World Bulletin / News Desk
North Korean leader Kim Jong-un is still determined to denuclearize but hopes to do so in a "stage-by-stage" manner, according to Pyongyang's official media Friday.
With less than two weeks until a planned summit between Kim and U.S. President Donald Trump, the phased approach favored by Kim appears to run counter to the United States' more immediate goal of bringing about the North's complete, verifiable and irreversible denuclearization.
"The DPRK's will for denuclearization of the Korean peninsula still remains unchanged and consistent and fixed," Kim was quoted as saying in a meeting with visiting Russian Foreign Minister Sergei Lavrov by the state-run KCNA news agency.

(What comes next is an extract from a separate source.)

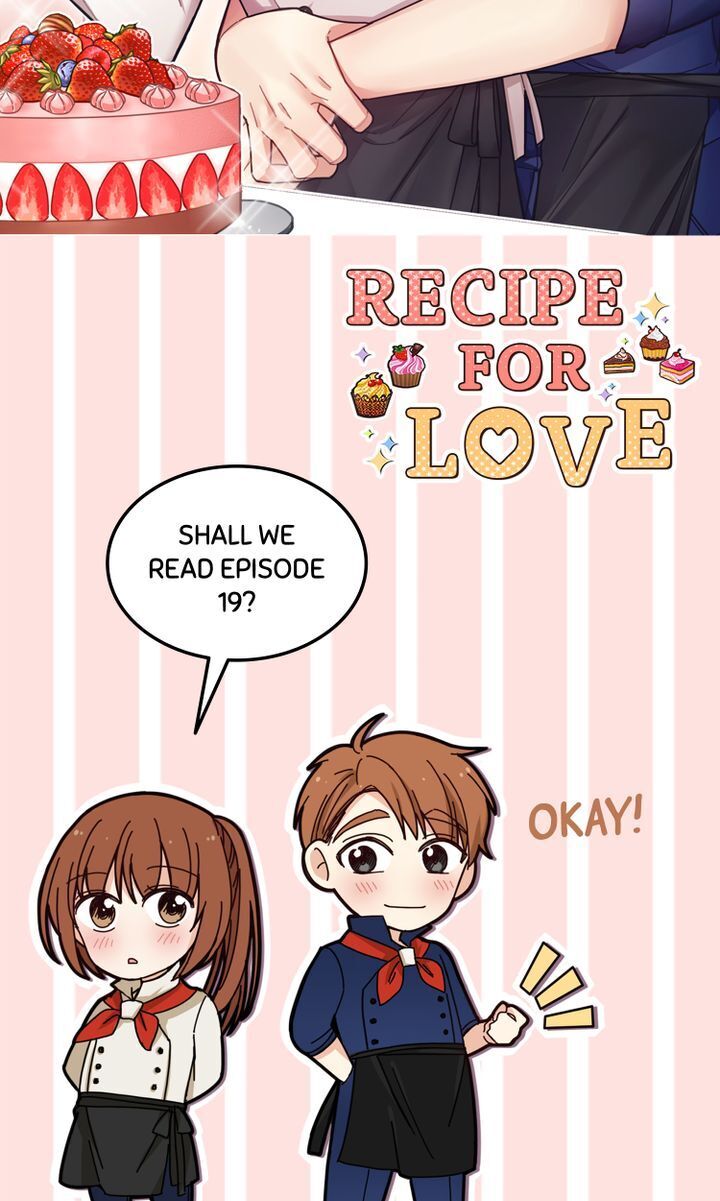 Delicious Scandal Chapter 19 - page 5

“And he hoped that the DPRK-U.S. relations and the denuclearization of the Korean peninsula will be solved on a stage-by-stage basis,” KCNA said.

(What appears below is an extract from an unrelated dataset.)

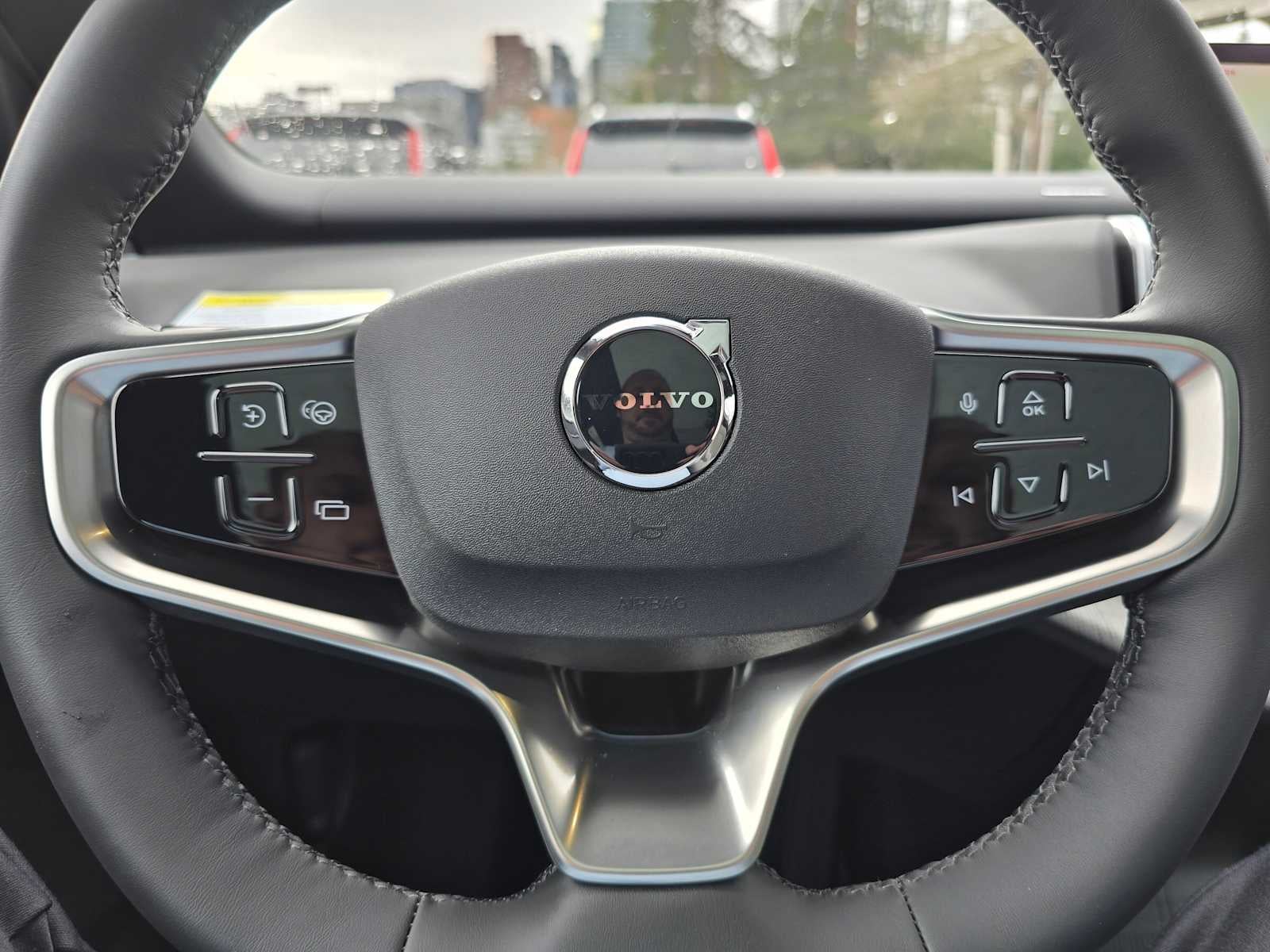 2026 Volvo EX30 Cross Country Ultra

North Korea refers to itself as the Democratic People's Republic of Korea (DPRK).
Lavrov's visit to Pyongyang a day earlier saw him become the first Russian foreign minister to travel to North Korea in nine years.

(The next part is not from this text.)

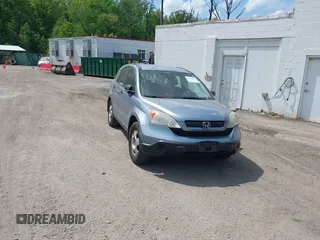 2009 Honda CR-V LX z VIN 5J6RE38399L028412, wystawiony jako IAAI lot #42147539 z przebiegiem 283 859 mil mil oraz . Historia ofert i sprzedaży dostępna na DreamBid. Obrazek 1.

Kim is also set to meet Russian President Vladimir Putin this year for the first time, according to KCNA, with the two sides marking the 70th anniversary of the establishment of diplomatic relations.
Meanwhile, while the North has been additionally engaging in denuclearization dialogue with the U.S. this week, high-level inter-Korean talks were held Friday at the Panmunjom border village.
South Korean Unification Minister Cho Myoung-gyon told reporters he would be following up on the bilateral vow to pursue peaceful cooperation and denuclearization -- an agreement that was achieved during the April 27 inter-Korean leaders' summit.
"We will have discussions with the North on ways to implement what the leaders of both countries agreed to in the Panmunjom Declaration and the summit held on May 26 in a speedy manner and without a hitch while creating a positive atmosphere for a summit between the North and the United States," Cho was quoted as saying by Yonhap News Agency before leaving for the border talks with his North Korean counterpart Ri Son-gwon.
This high-level dialogue had been scheduled for May 16 before North Korea called off the meeting, blaming the South's military drills with the U.S.
Ties were seemingly restored when Chairman Kim had a surprise follow-up meeting with the South's President Moon Jae-in last weekend.